Il y a bien de la violence et des traitements inhumains dans d’autres pays, et la Suisse n’y fait pas exception. En refusant d’entendre et de croire les témoignages de personnes concernées et des ONG, les autorités suisses font, à nouveau, preuve d’un racisme structurel épatant. Les paroles de personnes étrangères et racisées sont décrédibilisées et les idées nationalistes prennent le dessus afin de limiter le plus possible l’accueil de requérant·e·x·s d’asile.

Des politiques migratoires violentes ?

En Suisse, les pratiques de renvois sont dangereuses et mortifères, comme l’exemplifie la situation de Y, requérant d’asile, qui a failli se défenestrer lorsque la police est venue le chercher, à 5 h du matin dans sa chambre, en vue d’un renvoi vers la Croatie. L’arrestation, qui s’est déroulée le 23 mars, a pu être mise en suspens grâce à l’intervention de militant·e·s. Suite à cela, elles ont appris qu’il s’agissait d’une erreur, d’une mauvaise communication entre le service de la population et la police et que l’arrestation était supposée être annulée. 

Mi-avril, dans le canton de Fribourg, un événement similaire se déroule. Une femme se fait arrêter en vue d’un renvoi, puis libérée, n’étant pas la personne recherchée. Dans les deux cas recensés, les personnes, déjà fragilisées psychologiquement par leur parcours migratoire ainsi que par l’attente d’un renvoi, ont dû être hospitalisées en urgence. 
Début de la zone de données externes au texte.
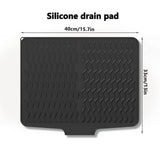 Maxbell Silicone Dish Drying Mat Anti Slip Dish Drainer Mat for Kitchen Counter Bowl Black
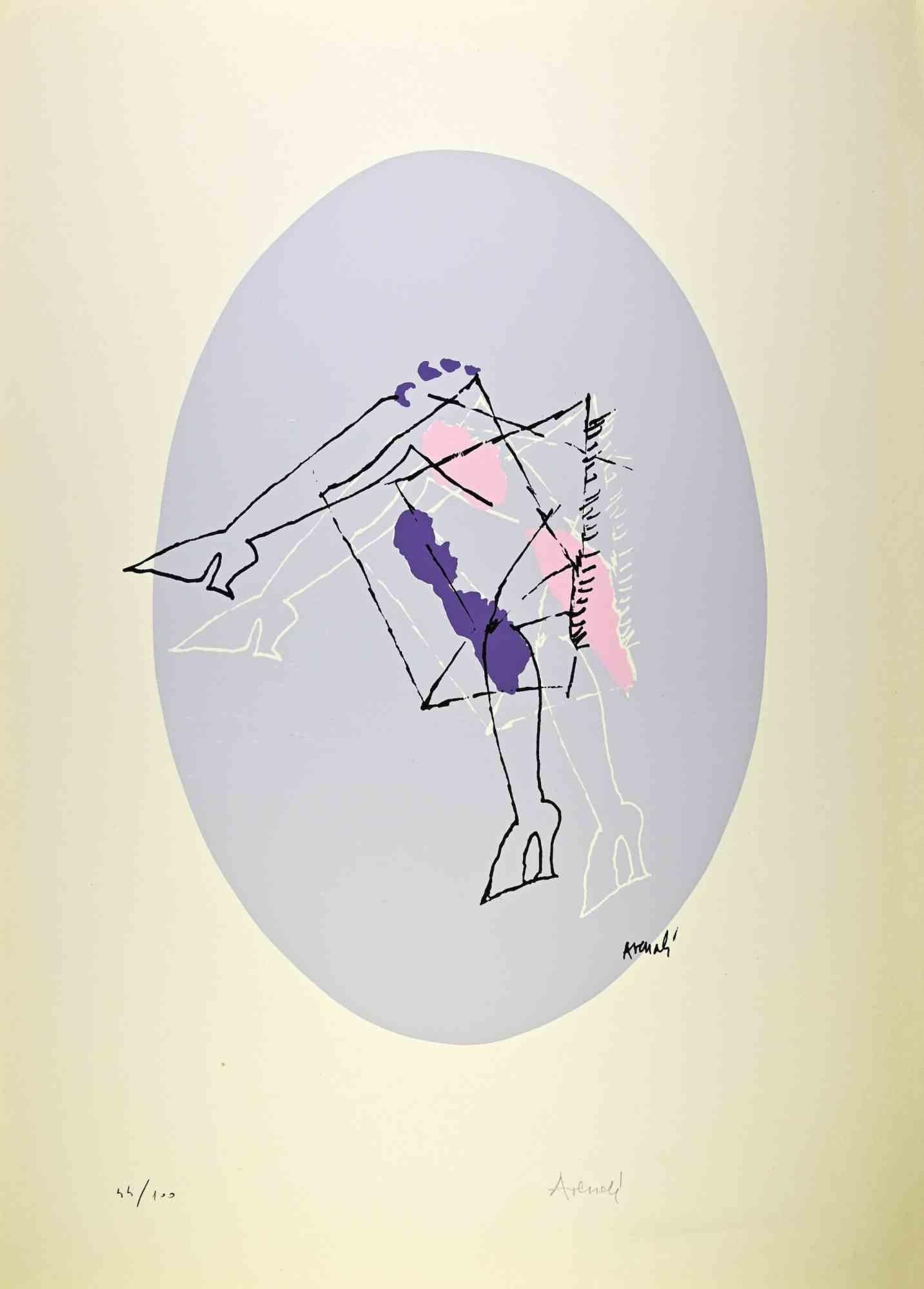 Figurative Print de Marcello Venali - Óvalo gris - Litografía de Marcello Avenali - 1960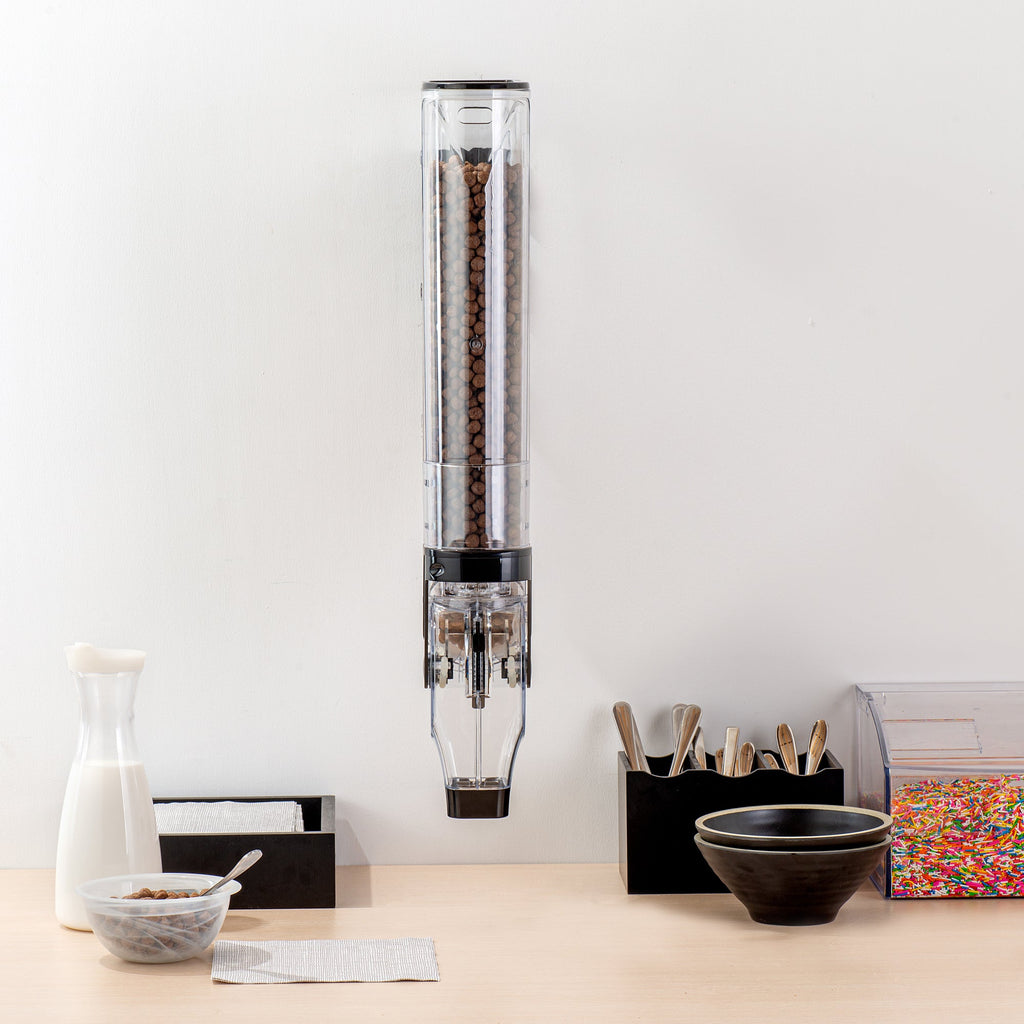 Met Lux 3 Gal Black Plastic Wall Mount Cereal Dispenser - 26 1/2" x 13 3/4" x 4" - 1 count box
Ces « erreurs » produites par les autorités suisses ont failli leur coûter la vie, et ont provoqué des séquelles considérables. La non-prise en considération de la violence pschologique dans les politiques migratoire est inacceptable et se concrétise même parfois de manière dramatique par la mort, comme nous l’ont tristement prouvé les suicides de requérant·e·x·s d’asile au cours des derniers mois.

Alors, quand est-ce que les politiques migratoires deviendront humaines ? Nous ne le savons pas. Ce qui est par contre certain, c’est qu’en attendant que les autorités suisses prennent leurs responsabilités, des vies de personnes migrantes sont détruites.